Return exactly those lines of the material that fall between the line with "Waves crashing near" and the final line, both included.
•••••
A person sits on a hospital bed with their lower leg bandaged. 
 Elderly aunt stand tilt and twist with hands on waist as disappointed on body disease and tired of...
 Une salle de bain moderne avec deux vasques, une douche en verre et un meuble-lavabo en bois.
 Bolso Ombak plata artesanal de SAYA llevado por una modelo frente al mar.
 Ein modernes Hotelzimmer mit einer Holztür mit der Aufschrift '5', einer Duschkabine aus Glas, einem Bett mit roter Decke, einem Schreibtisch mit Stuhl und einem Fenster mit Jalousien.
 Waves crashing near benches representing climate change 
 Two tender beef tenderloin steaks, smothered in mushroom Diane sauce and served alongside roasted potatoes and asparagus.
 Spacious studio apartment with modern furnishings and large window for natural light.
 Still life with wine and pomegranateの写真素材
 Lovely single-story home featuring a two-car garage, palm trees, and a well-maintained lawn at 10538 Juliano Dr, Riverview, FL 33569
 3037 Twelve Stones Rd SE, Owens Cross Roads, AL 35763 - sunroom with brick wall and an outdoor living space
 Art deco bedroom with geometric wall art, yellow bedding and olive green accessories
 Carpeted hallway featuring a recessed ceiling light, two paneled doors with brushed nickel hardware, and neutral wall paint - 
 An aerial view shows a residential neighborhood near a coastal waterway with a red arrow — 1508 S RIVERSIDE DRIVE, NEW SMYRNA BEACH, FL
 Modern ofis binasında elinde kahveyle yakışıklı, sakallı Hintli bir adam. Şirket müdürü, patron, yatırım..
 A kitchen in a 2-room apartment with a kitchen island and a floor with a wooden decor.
•••••
### Written solution
 Waves crashing near benches representing climate change 
 Two tender beef tenderloin steaks, smothered in mushroom Diane sauce and served alongside roasted potatoes and asparagus.
 Spacious studio apartment with modern furnishings and large window for natural light.
 Still life with wine and pomegranateの写真素材
 Lovely single-story home featuring a two-car garage, palm trees, and a well-maintained lawn at 10538 Juliano Dr, Riverview, FL 33569
 3037 Twelve Stones Rd SE, Owens Cross Roads, AL 35763 - sunroom with brick wall and an outdoor living space
 Art deco bedroom with geometric wall art, yellow bedding and olive green accessories
 Carpeted hallway featuring a recessed ceiling light, two paneled doors with brushed nickel hardware, and neutral wall paint - 
 An aerial view shows a residential neighborhood near a coastal waterway with a red arrow — 1508 S RIVERSIDE DRIVE, NEW SMYRNA BEACH, FL
 Modern ofis binasında elinde kahveyle yakışıklı, sakallı Hintli bir adam. Şirket müdürü, patron, yatırım..
 A kitchen in a 2-room apartment with a kitchen island and a floor with a wooden decor.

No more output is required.